The Shared Account Is a Moral Problem, Not a Technical One
Everyone in security knows that shared accounts are bad. The argument is technical: if five people share a login, you cannot attribute actions to individuals, you cannot build a meaningful audit trail, you cannot do forensics after an incident, you cannot enforce least privilege at the individual level. When something goes wrong in an environment with shared accounts, you know that one of five people did it. You do not know which one.
This framing is correct and it is insufficient. Shared accounts persist not because organizations don't understand the technical argument against them. They persist because the technical argument doesn't address why shared accounts feel reasonable to the people using them. The real problem is not technical. It is moral, in a specific and interesting sense.
Why shared accounts feel right
Consider the oncology nursing unit that shares a single login for the medication management system. There are twelve nurses on the floor. The system requires a password that's changed every ninety days. The password is on a sticky note in the break room.
This is a security failure of the most obvious kind. It is also, from the nurses' perspective, a completely reasonable adaptation to a system that was designed without adequate consideration for how their work actually functions. In an emergency, a nurse cannot stop to remember a password. When a patient's medication needs to be administered immediately, the barrier of individual authentication is not a security feature — it is a patient safety risk. The shared credential exists because the alternative, as the nurses experience it, is worse.
The security team sees a shared account. The nursing unit sees a workaround that allows them to deliver safe patient care. Both of them are right. The failure is in the system design that made those two things incompatible.
"The shared account is not evidence of bad security culture. It is evidence that the security requirements and the operational requirements were never reconciled."
The attribution problem as a moral problem
When something goes wrong in a shared account environment, the organization faces a choice that has moral dimensions. They know an action was taken by one of five people. They may have some circumstantial evidence about which one. Do they investigate all five? Do they discipline all five in the absence of evidence? Do they let it go because they can't prove who did it?
Each of these options is morally uncomfortable in a different way. Investigating all five treats people who did nothing wrong as suspects. Disciplining all five for an action one of them took is collective punishment. Letting it go means the person who caused harm faces no accountability, and the other four know that they could do the same thing without consequence.
The technical problem — you can't do forensics — is also a justice problem. The people who use a shared account are not just accepting a security risk. They are accepting an environment in which individual accountability has been structurally undermined. They are accepting that if something goes wrong, they may bear consequences for something they didn't do, or watch someone else escape consequences for something they did.

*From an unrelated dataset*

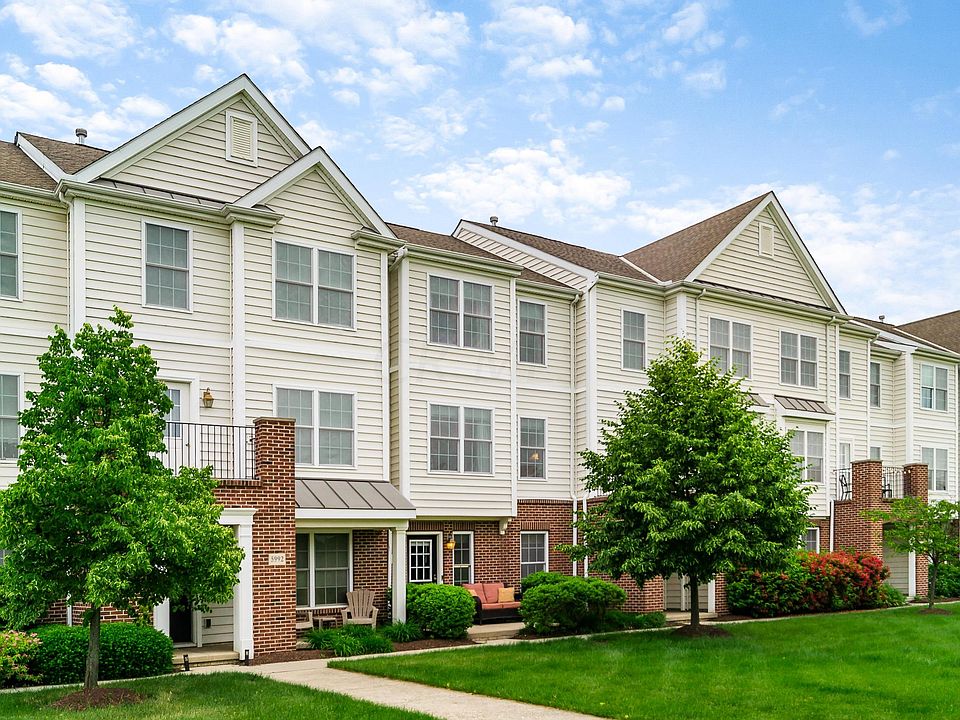 1st image of 5994 Woodshire Dr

Who creates shared accounts and why
Shared accounts are almost never created with the intent to undermine accountability. They are created because the alternative — individual accounts for everyone who needs access — requires provisioning processes that are too slow, or approval workflows that are too onerous, or licenses that are too expensive, or technical integrations that don't support individual authentication.

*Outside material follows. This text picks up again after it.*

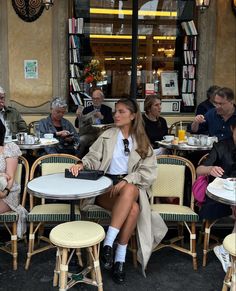 Grace Foley Outfits, Grace Foley, Parisian Aesthetic, Paris Cafe, Vogue Beauty, Paris Outfits, Parisian Chic, French Girl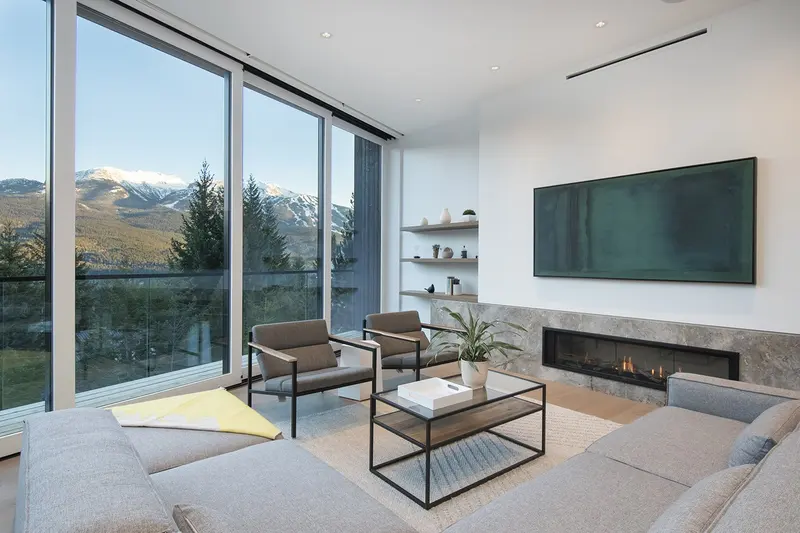 Mountain View ensuite with natural stone and wood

The nurse manager who put the password on the sticky note made a decision that the operational need for immediate medication access outweighed the security requirement for individual attribution. The IT administrator who created the shared admin account made a decision that the cost of provisioning individual accounts for all twelve contractors outweighed the audit trail benefit. The developer who hardcoded the shared service account credentials made a decision that getting the integration working was more important than getting it working securely.

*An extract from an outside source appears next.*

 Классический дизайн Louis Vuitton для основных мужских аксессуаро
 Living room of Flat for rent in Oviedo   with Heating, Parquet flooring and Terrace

Each of these decisions is individually defensible. Collectively, they produce an environment where accountability is systematically impossible. Not because anyone intended that outcome. Because nobody was responsible for the overall system, only for their individual decisions within it.
What this means for how we talk about it
The standard remediation advice for shared accounts is: eliminate them. Provision individual accounts. Enforce individual authentication. Require MFA. Audit the audit trail.
This advice is correct and it fails consistently because it treats a social and organizational problem as if it were a configuration problem. The nurses don't need a different password policy. They need a medication management system that was designed for how nursing work actually functions — with rapid authentication options, with role-based access that survives shift changes, with emergency access that doesn't compromise routine accountability.
The moral argument against shared accounts is not that they are lazy or negligent. It is that they create a structural injustice: an environment where individual accountability is impossible, where the people who use the shared account have accepted a risk they didn't fully choose and can't individually opt out of. That argument lands differently than the technical one. It places the obligation for change not on the users but on the system designers.
The shared account is not a user problem. It is a system design problem that has been mislabeled as a user problem. Getting that label right is the beginning of actually fixing it.